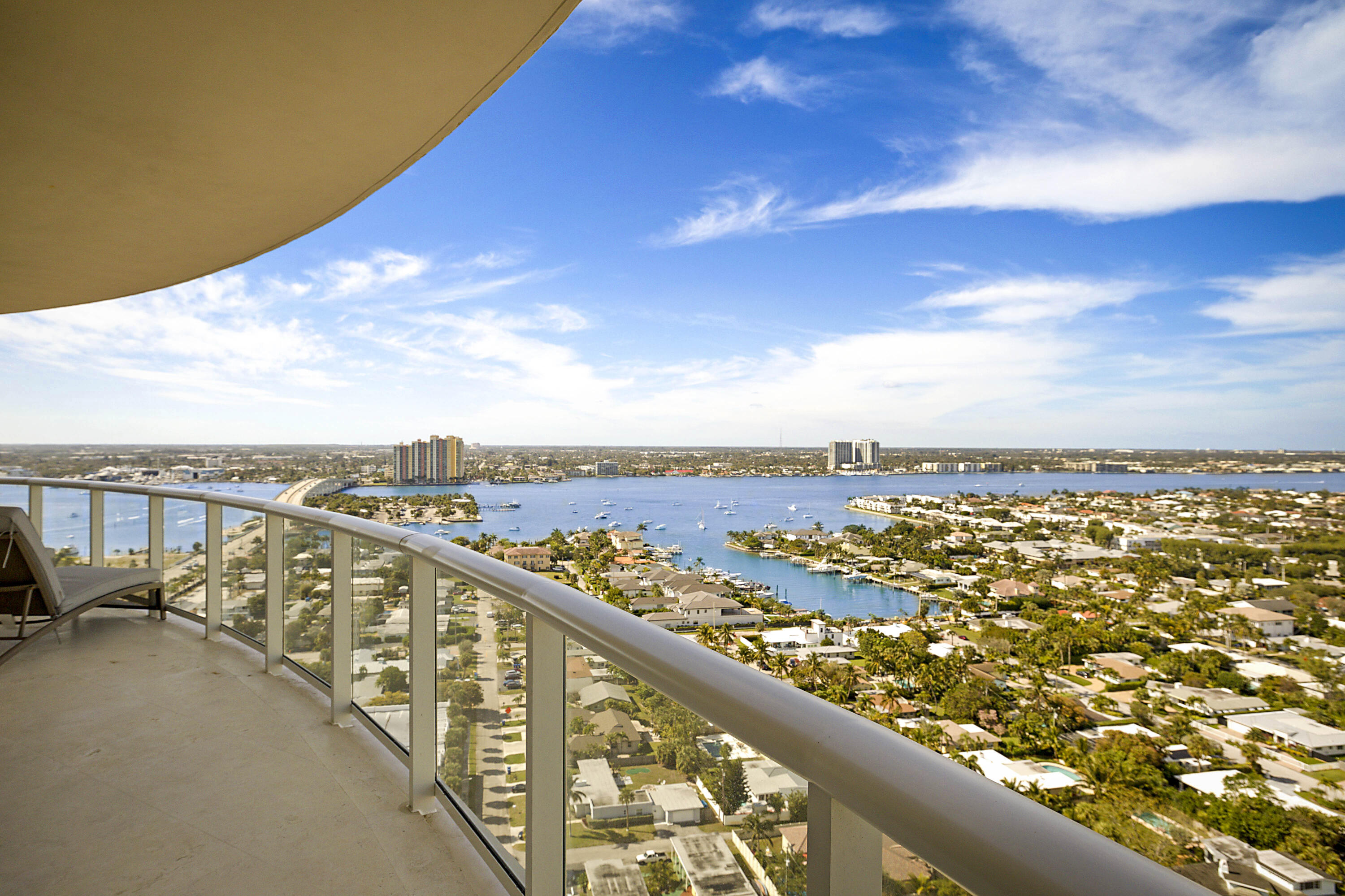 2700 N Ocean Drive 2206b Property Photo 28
______
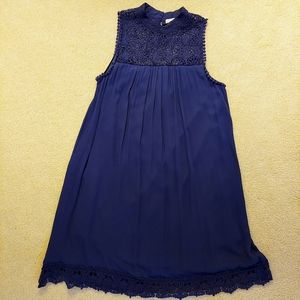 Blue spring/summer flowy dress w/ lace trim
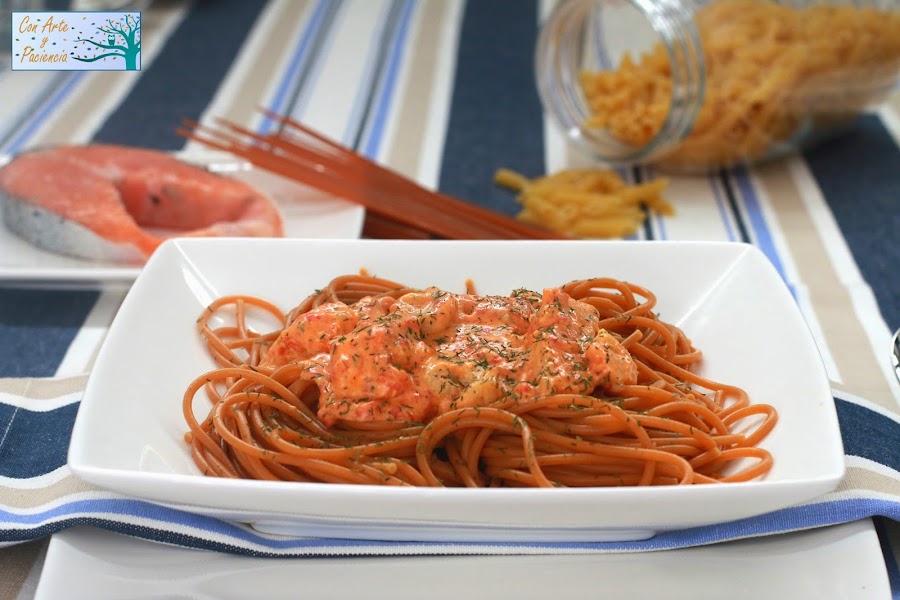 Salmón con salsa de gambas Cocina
______
TASK DIRECTIONS:
Above are some records. Output exactly the lines from the one that contains "Blue spring/summer flowy dress w/ lace trim" to the one that contains "Salmón con salsa de gambas Cocina", keeping both, and omit the pictures.

OUTPUT BELOW:
 Blue spring/summer flowy dress w/ lace trim
 Salmón con salsa de gambas Cocina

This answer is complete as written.